Emotional Intelligence is often referred to as EQ and is arguably a more critical element of success than IQ in determining a cohesive productive team in the workplace. Five categories of Emotional Intelligence make up the EQ.

  • Self-Awareness – The perception of emotion in oneself and others
  • Empathy – The ability to express and understand emotions and recognize them in others
  • Motivation – The ability to utilize emotions for productivity
  • Self-Regulation – The ability to manage emotions
  • Social Skills – The ability to interact successfully with others

“Your EQ is the level of your ability to understand other people, what motivates them, and how to work cooperatively with them,” Says Howard Gardner, Harvard theorist, influential in the field of EI research.

Why is Emotional Intelligence Important in the Workplace?
You hear the term ‘company culture’ thrown around frequently in modern organizations. Any research on values and goals tells you that when values and goals align in the workplace, organizations are more successful.

From a management standpoint, if you are working at cross-purposes with your employees, your productivity will be stunted. Much of drawing out the best possible productivity and growth in your team is dependent upon your ability to find the strengths and weaknesses in your people and nurture and grow their competencies. It may be easier to quantify and calibrate technical skills but the behavioral skills found within EQ fuel the growth of your business.

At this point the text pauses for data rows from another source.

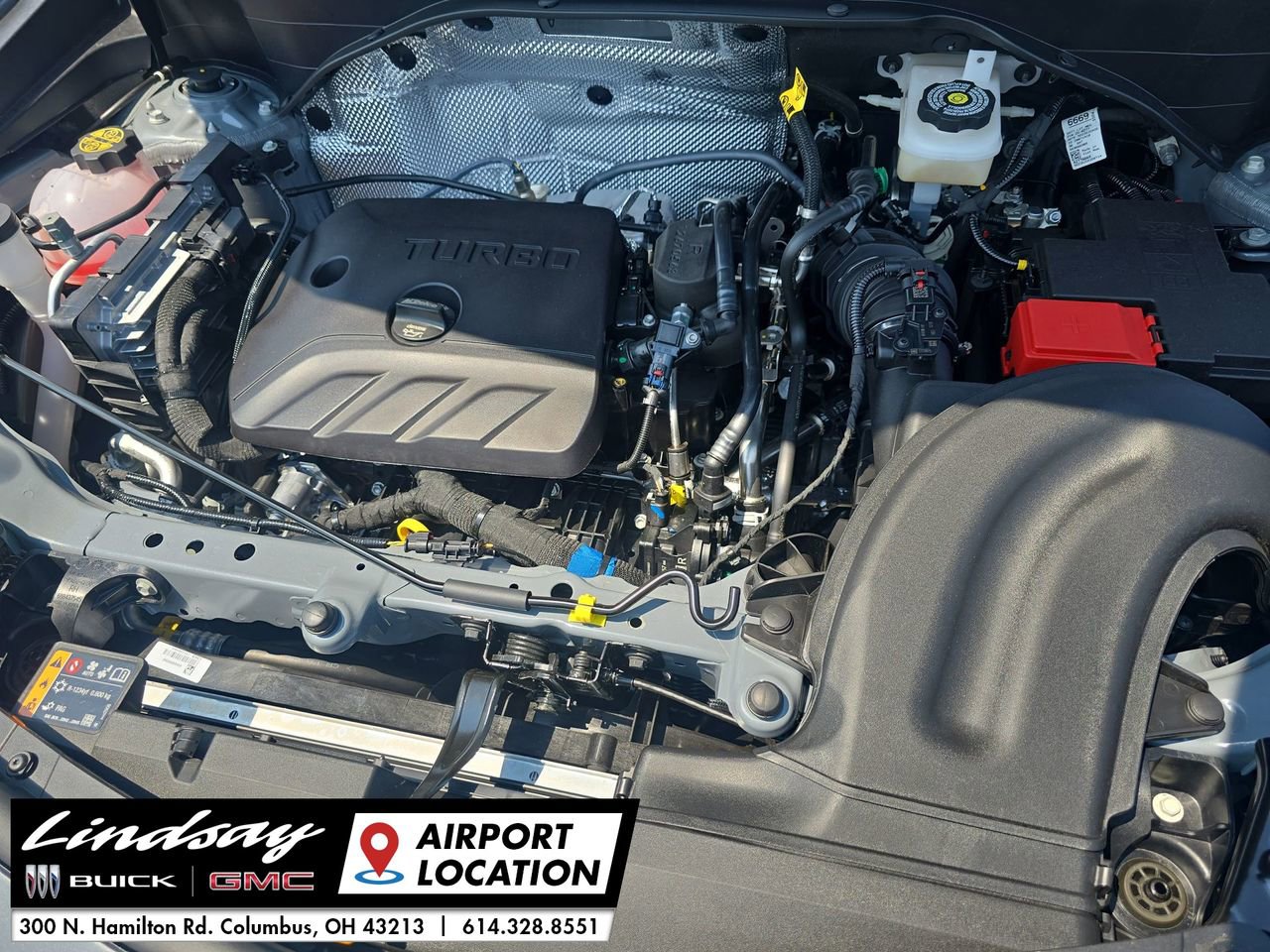 New 2026 Buick Encore GX Sport Touring w/ Comfort Package image 28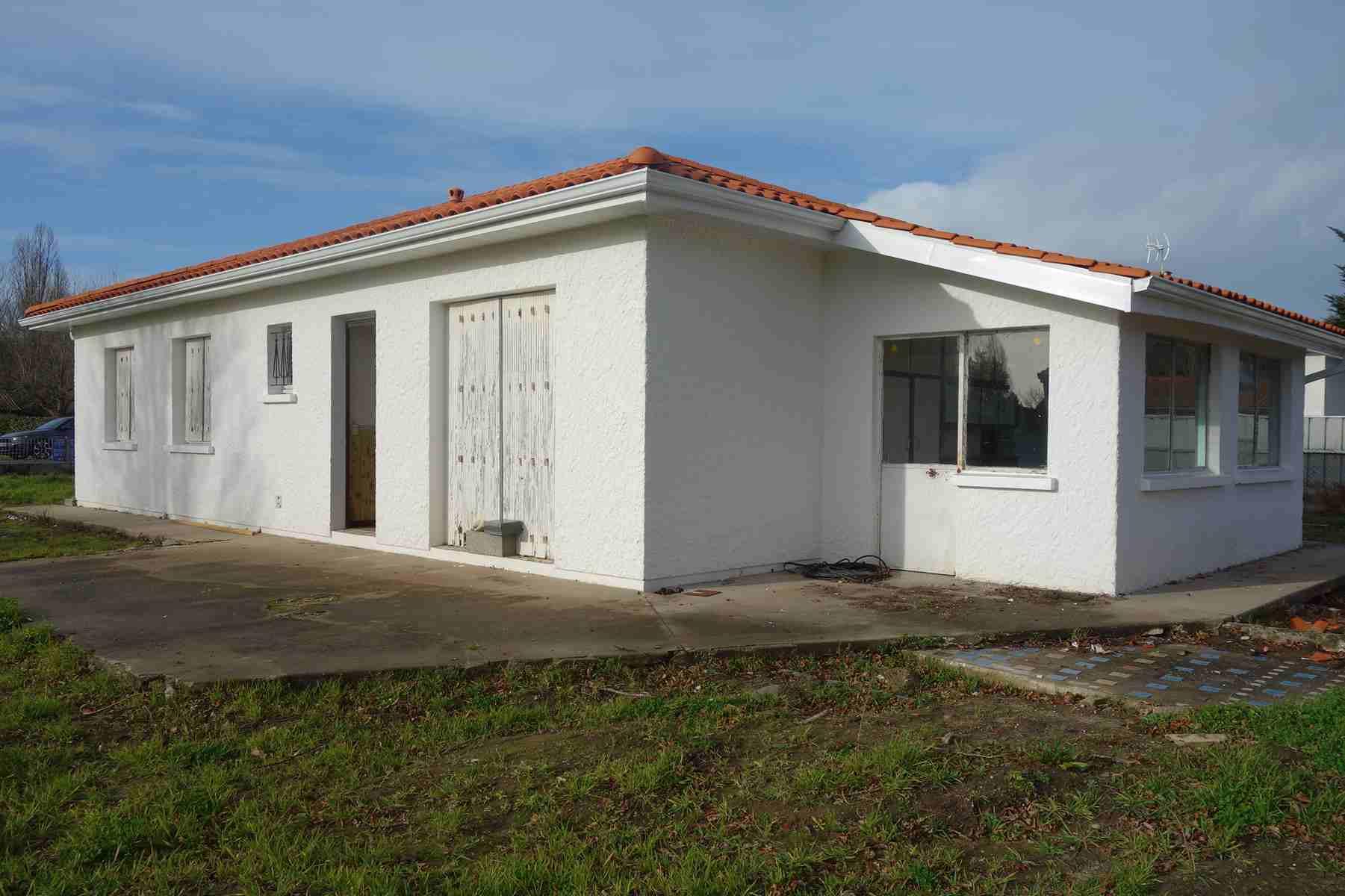 Maison à vendre, 100m², Virsac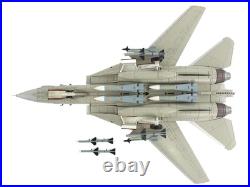 Grumman F-14A Tomcat Fighter Aircraft Bandit Rogue Nation United States Navy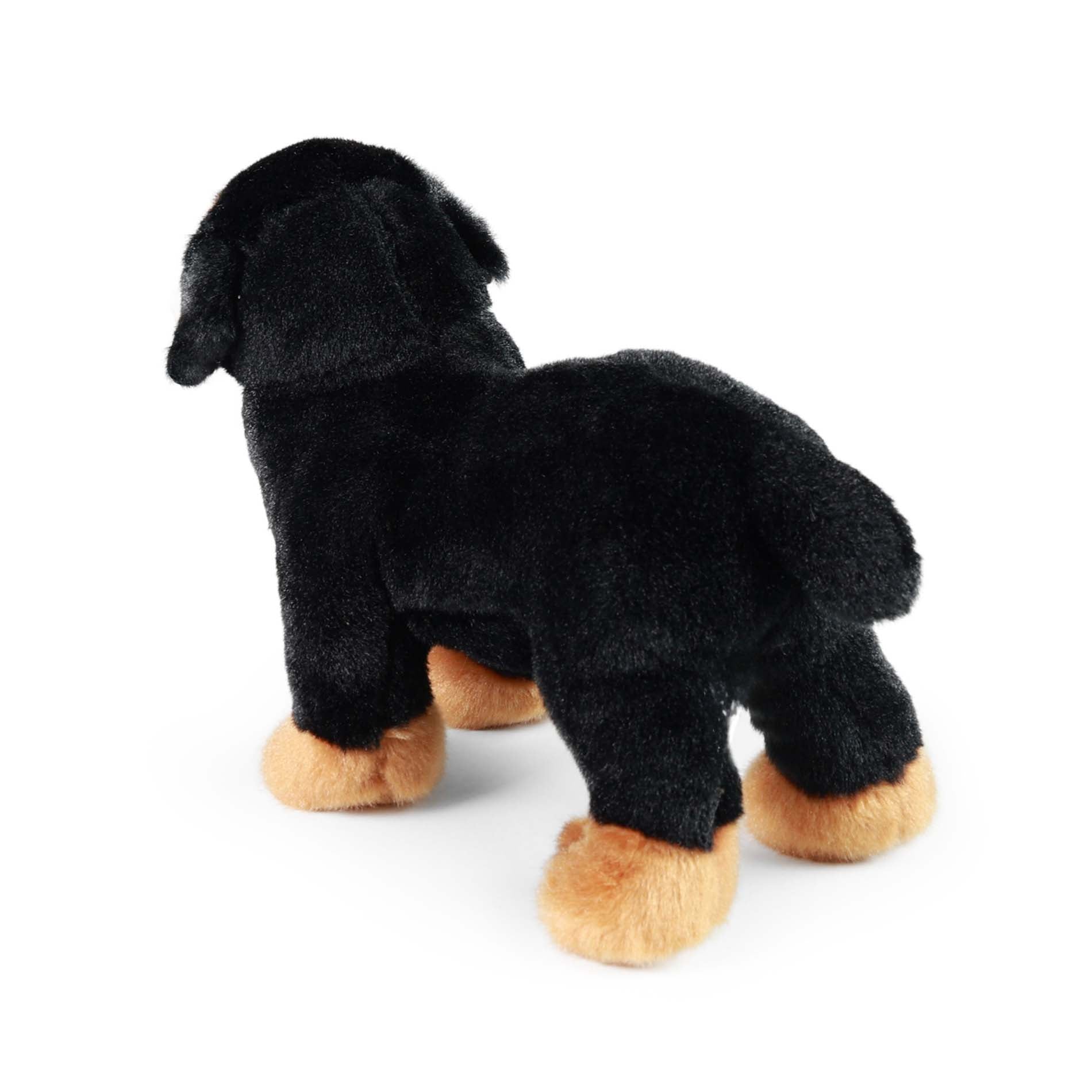 Peluche Rottweiler 18 Cm Ecológico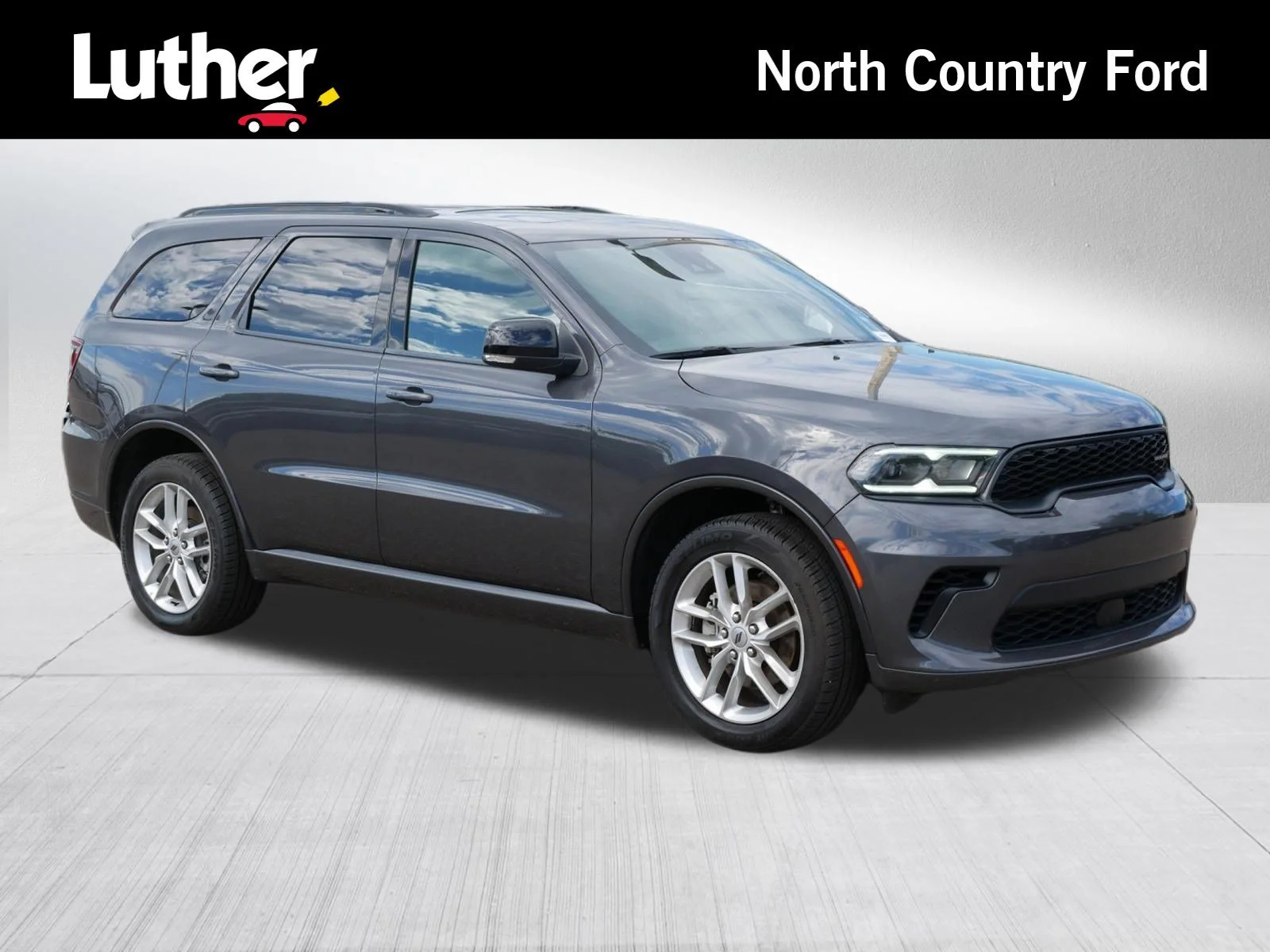 2024 Dodge Durango GT Plus AWD's photo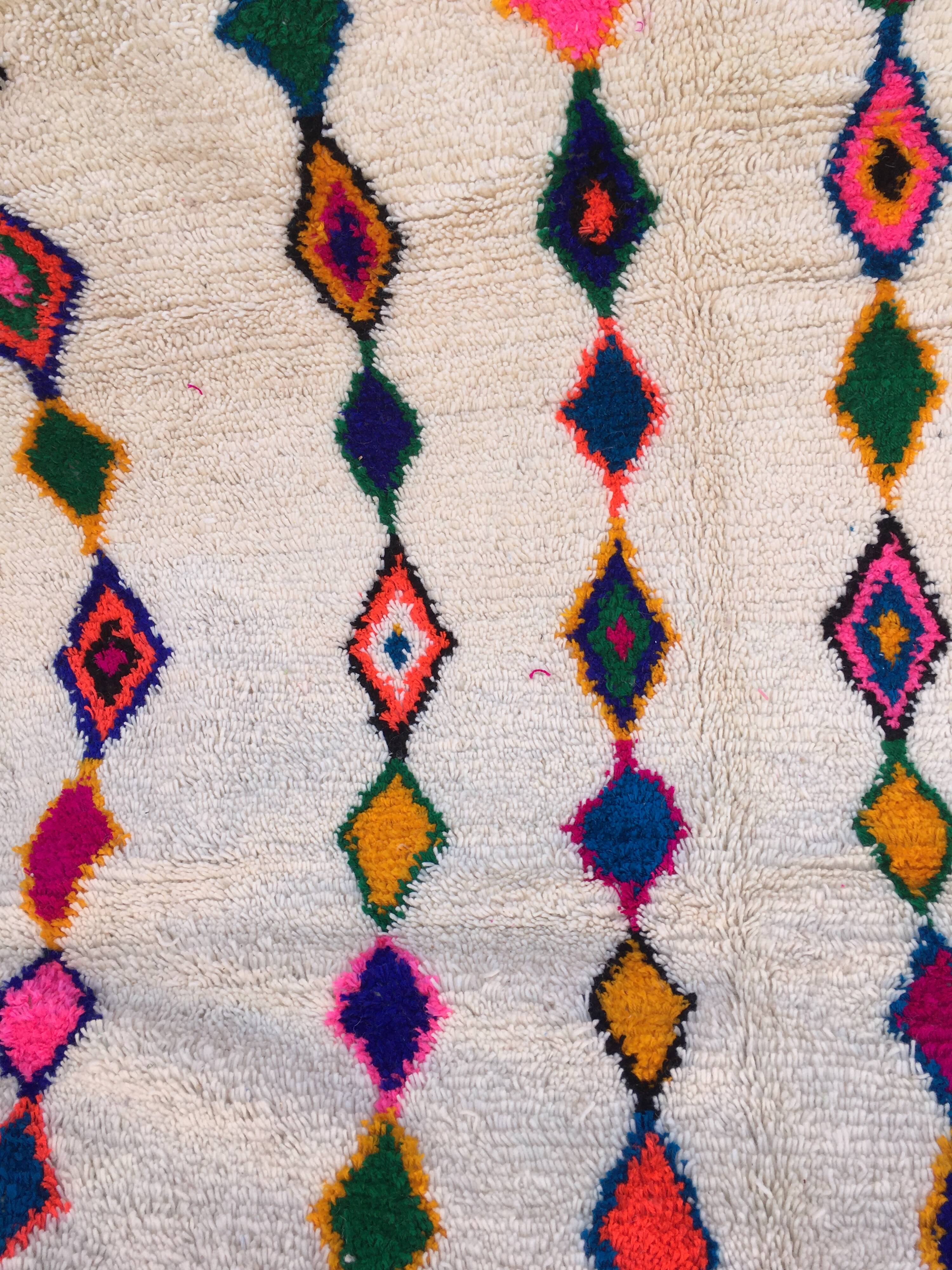 Tapis Azilal 286 x 196 cm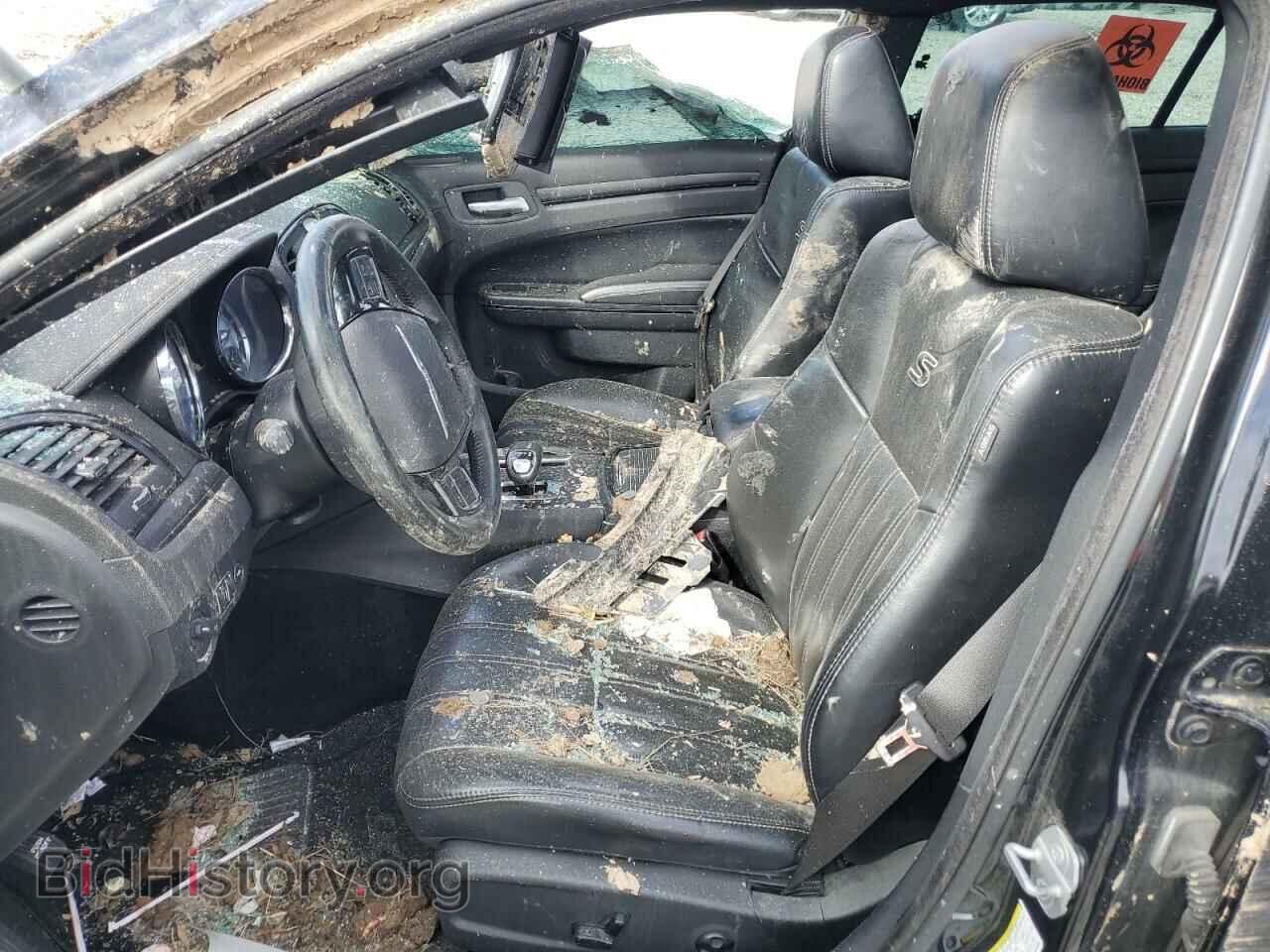 2014 CHRYSLER 300 - VIN: 2C3CCABG0EH340602 - Фото 7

It can be highly beneficial for organizations to bring in a knowledgeable consultant to administer EI testing such as the EQ-i 2.0 and EQ360 assessments to evaluate emotional intelligence both in management and in employees and teams. Once an assessment has been performed, an interactive program to work with individuals and teams will cultivate valuable resources to improve effective communication and understanding to increase team and organizational productivity.